Alrawi, whose father was also an archeologist, grew up visiting sites around the country. Today, he is happy to see “a full throttle of excavations” returning to Iraq.

“It’s very good for the country and for the archeologists, for the international universities and academia,” he said.

As archeological exploration has expanded, international dollars have flowed into restoring damaged heritage sites like the al-Nouri mosque in Mosul, and Iraqi authorities have pushed to repatriate stolen artifacts from countries as near as Lebanon and as far as the United States.

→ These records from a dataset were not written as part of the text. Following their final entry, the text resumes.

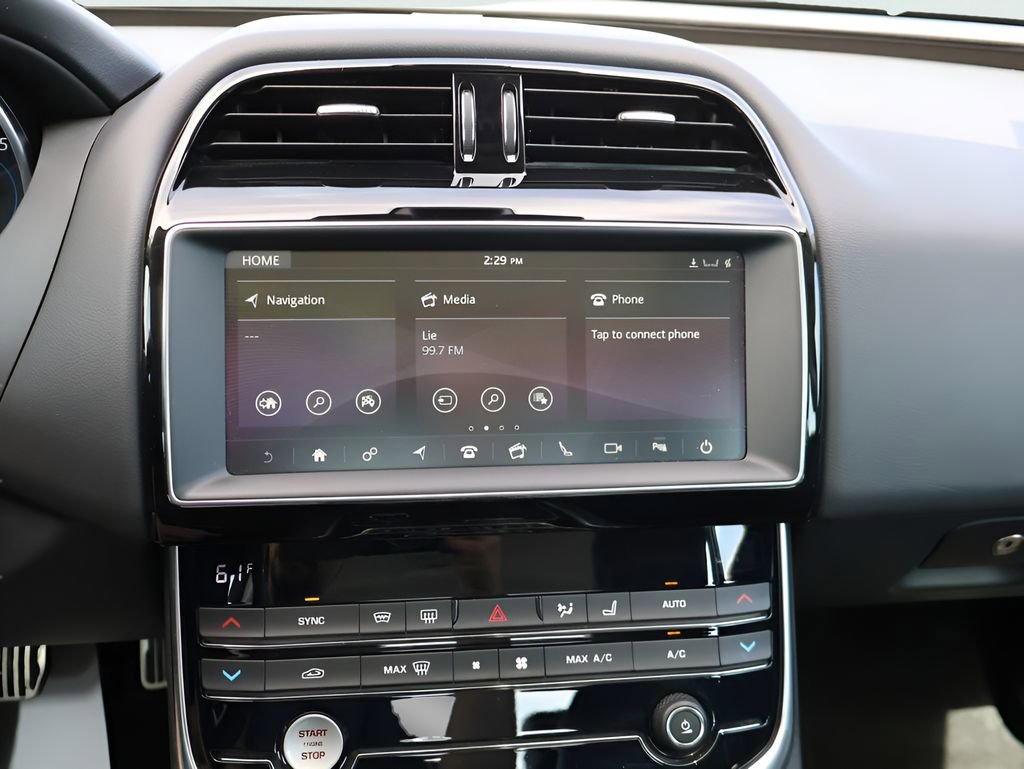 Used 2019 Jaguar XE Premium image 23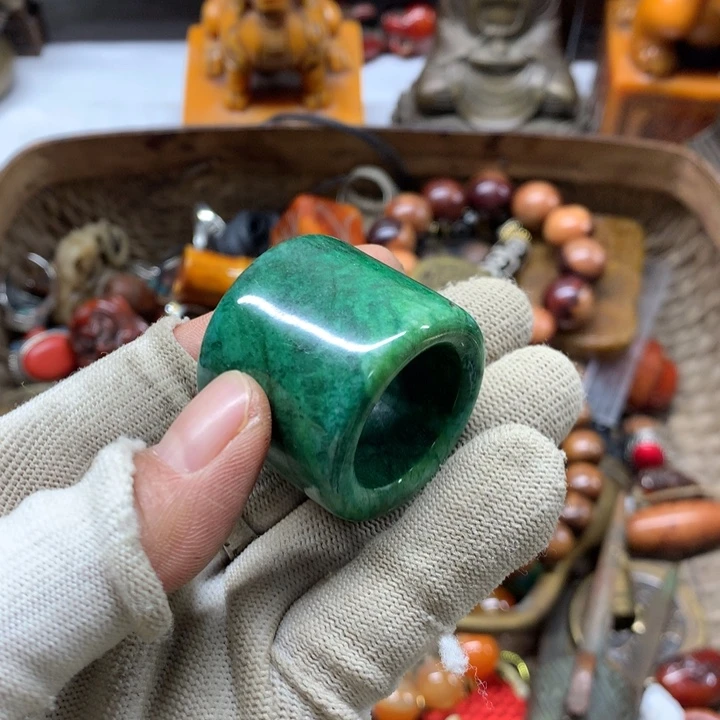 疯***狗琉璃手工艺品头像就是个人是比较合适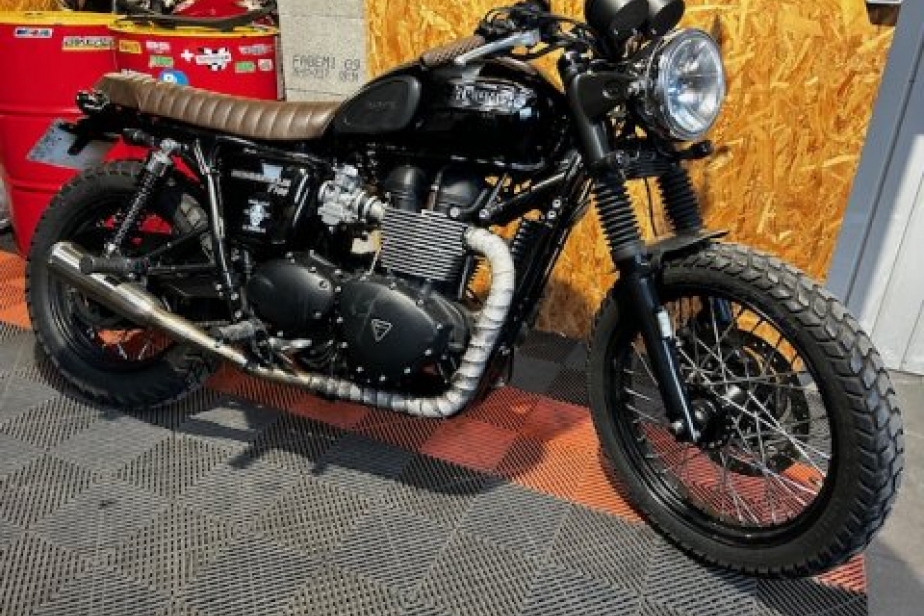 TRIUMPH BONNEVILLE T100 2016, Saint-Étienne, Diagnostic Moto Casse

Last month, Iraq’s national museum began opening its doors to the public for free on Fridays — a first in recent history. Families wandered through halls lined with Assyrian tablets and got an up-close look at the crown jewel of Iraq’s repatriated artifacts: a small clay tablet dating back 3,500 years and bearing a portion of the Epic of Gilgamesh that was looted from an Iraqi museum 30 years ago and returned from the U.S. two years ago. The tablet is among 17,000 looted artifacts returned to Iraq from the U.S.

Ebtisam Khalaf, a history teacher who was one of the visitors to the museum on its first free day, said, “This is a beautiful initiative because, we can see the things that we only used to hear about.”

Before, she said, her students could “only see these antiquities in books. But now we can see these beautiful artifacts for real.”